Tiergartentunnel
Tiergartentunnel bezeichnet einen Komplex von drei Tunnelanlagen, die unter Berlins zweitgrößtem Stadtpark, dem Tiergarten, verlaufen und von 1995 bis 2006 errichtet wurden. Die drei Tunnel unterqueren gemeinsam den Spreebogen im Dreieck zwischen dem Berliner Hauptbahnhof, dem Kanzleramt und dem Paul-Löbe-Haus, sind jedoch verkehrlich nicht miteinander verbunden und dienen verschiedenen Zwecken:
- Tunnel Tiergarten Spreebogen (TTS): ein Straßentunnel im Verlauf der Bundesstraße 96
- Tunnel Nord-Süd-Fernbahn: ein Eisenbahntunnel für den Fern- und Regionalverkehr
- U-Bahn-Tunnel im Zuge der Linie U5
Nicht zu diesem Komplex gehört die geplante Unterquerung des Spreebogens für die S-Bahn (Strecke S21).
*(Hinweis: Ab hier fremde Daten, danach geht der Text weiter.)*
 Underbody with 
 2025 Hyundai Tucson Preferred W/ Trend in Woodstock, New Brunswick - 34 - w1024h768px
Auftraggeber waren die Deutsche Bahn AG und die zuständige Senatsverwaltung des Landes Berlin. Die Baudurchführung oblag der 2002 gegründeten Projektgesellschaft für die Verkehrsanlagen im Zentralen Bereich Berlin.
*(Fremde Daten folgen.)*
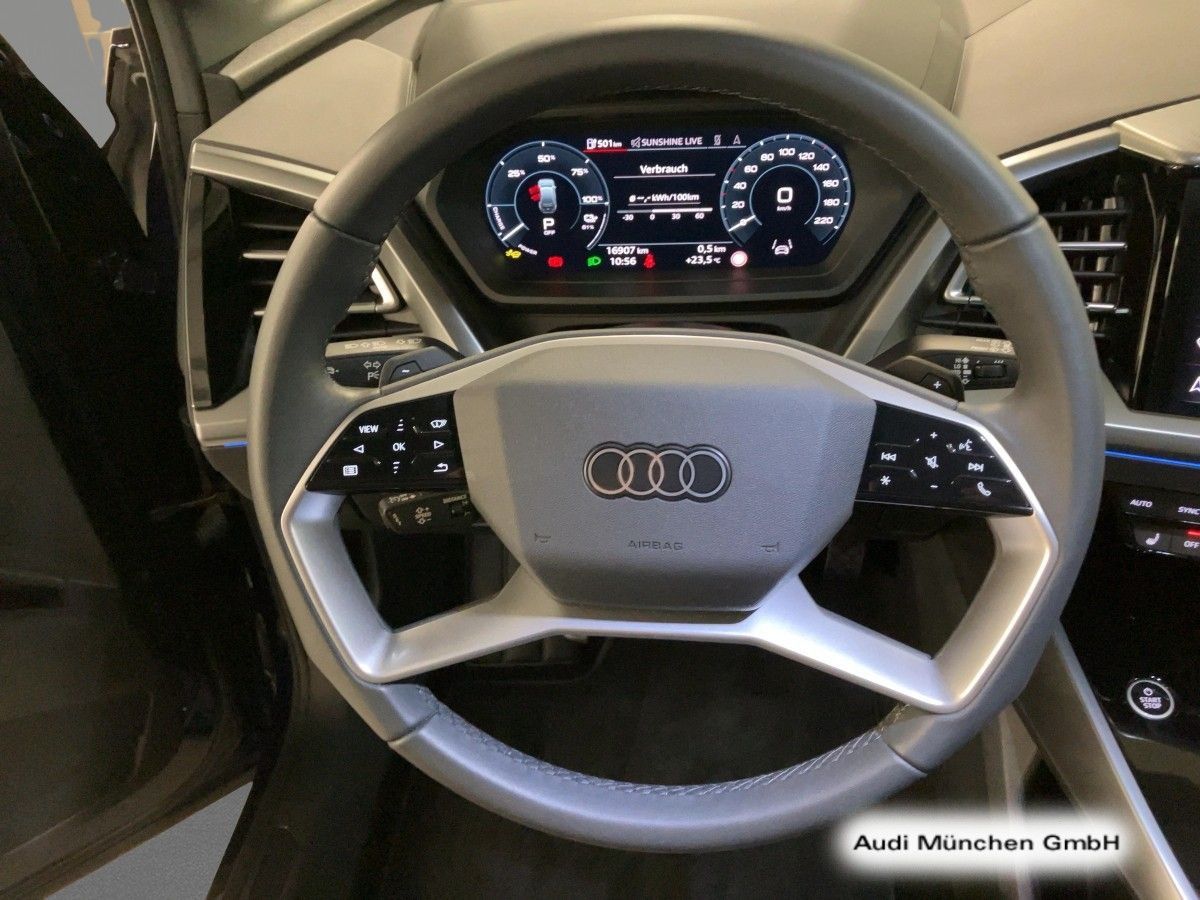 Audi Q4 e-tron - Bild 14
Der Eisenbahntunnel ist Teil des Projektes Knoten Berlin.[1]
Eröffnungstermine
- Straßentunnel: 26. März 2006
- Eisenbahntunnel: 28. Mai 2006
- U-Bahn-Tunnel: 8./9. August 2009
Tunnelverlauf
Die Tunnel unterqueren in Nord-Süd-Richtung am Berliner Hauptbahnhof die in West-Ost-Richtung in Hochlage verlaufende Stadtbahn und südlich des Hauptbahnhofs die Spree. Südlich der Linie zwischen Bundeskanzleramt und Reichstagsgebäude nehmen die drei Tunnel einen unterschiedlichen Verlauf und unterfahren hierbei den Berliner Tiergarten. Der Eisenbahntunnel unterquert zusätzlich den Landwehrkanal.
Straßentunnel
Der Straßentunnel beginnt im Norden im Verlauf der Minna-Cauer-Straße, umfährt den Hauptbahnhof westlich, hat eine Ausfahrt zur Tiergartenstraße und endet am Nordufer des Landwehrkanals.
Eisenbahntunnel
Der Bahntunnel ist 3586 Meter lang und besitzt vier Gleise. Die Einfahrt im Norden liegt in Höhe der Döberitzer Straße, das Südende am Gleisdreieck.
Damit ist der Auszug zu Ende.